Now I’ve taught a whole week at my new County College (CC) I can make informed comparisons with my old Research University (RU). The biggest differences is the number of contact hours and evening classes.
Previously, I taught two courses a semester, and that was a lot for my department, with 7 – 8 credit hours depending whether the course had a laboratory or not. Contact hours were more as I attended and taught every lab period. Thus, one semester I had 9 contact hours (6 hours lecture and 3 hours lab) and the other semester I had fourteen contact hours (5 lecture hours and 9 lab hours) as food analysis had a double lab. So far at CC I have three courses with release time for recruitment. As one course does not have a lab that means I have fifteen contact hours – I should have eighteen.

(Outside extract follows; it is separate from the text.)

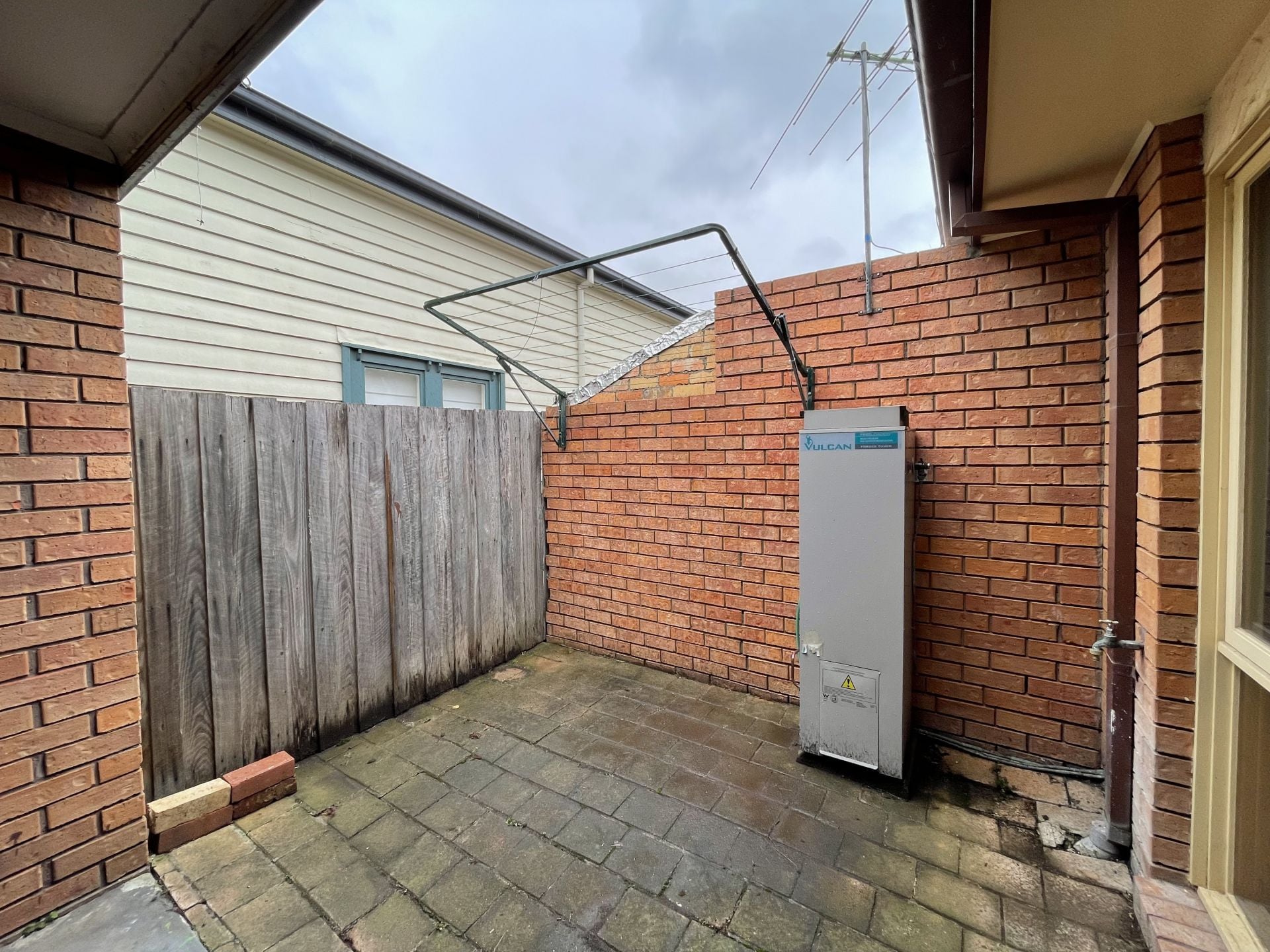 Charming Unit in an Ideal Location!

I am teaching three evenings a week, whereas I never taught evenings at RU. I actually quite like it except for the limitation on my social life. I certainly prefer commuting at off-peak times.
As I taught an unpopular major at RU, most of my classes were small sometimes as few as 3 or 4 students, but often around 8-12. I did teach one medium sized course which I set at 50 students after two years of trying to teach it with sixty-five students. All my courses at CC are set at 24-26 students. If they get more students, a new section will open.

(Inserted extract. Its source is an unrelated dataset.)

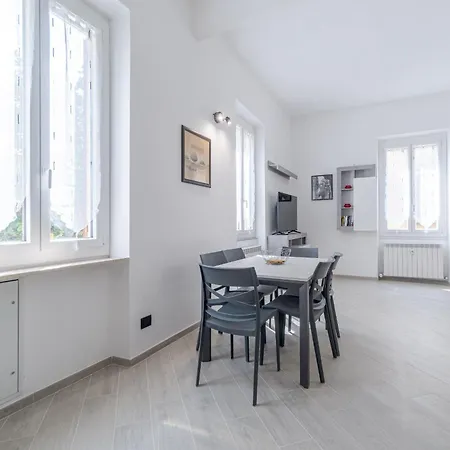 Appartement Guesthost - Albaro District Comfy Flat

Another major difference is that at CC I am contractually obliged to provide office hours – 5 h per week spread over three days. I’m doing slightly more than that as I am at work anyway.
Interesting comparison. I didn’t know you were contractually obligated about your office hours. The question remains though, is anyone using them?
What’s up Cathy?!! Jessica let me buy a new iMac and I have now officially bookmarked your blog (so I’ll be checking in more often). I want to see more pictures of knitted ties!
Hi Lisa
No one has come to office hours yet and I suspect numbers will remain low. So it is a great time for lecture preparation!
Hi Robert
One knitted tie in my life time was enough. The knitting part was fine – lining it was the problem.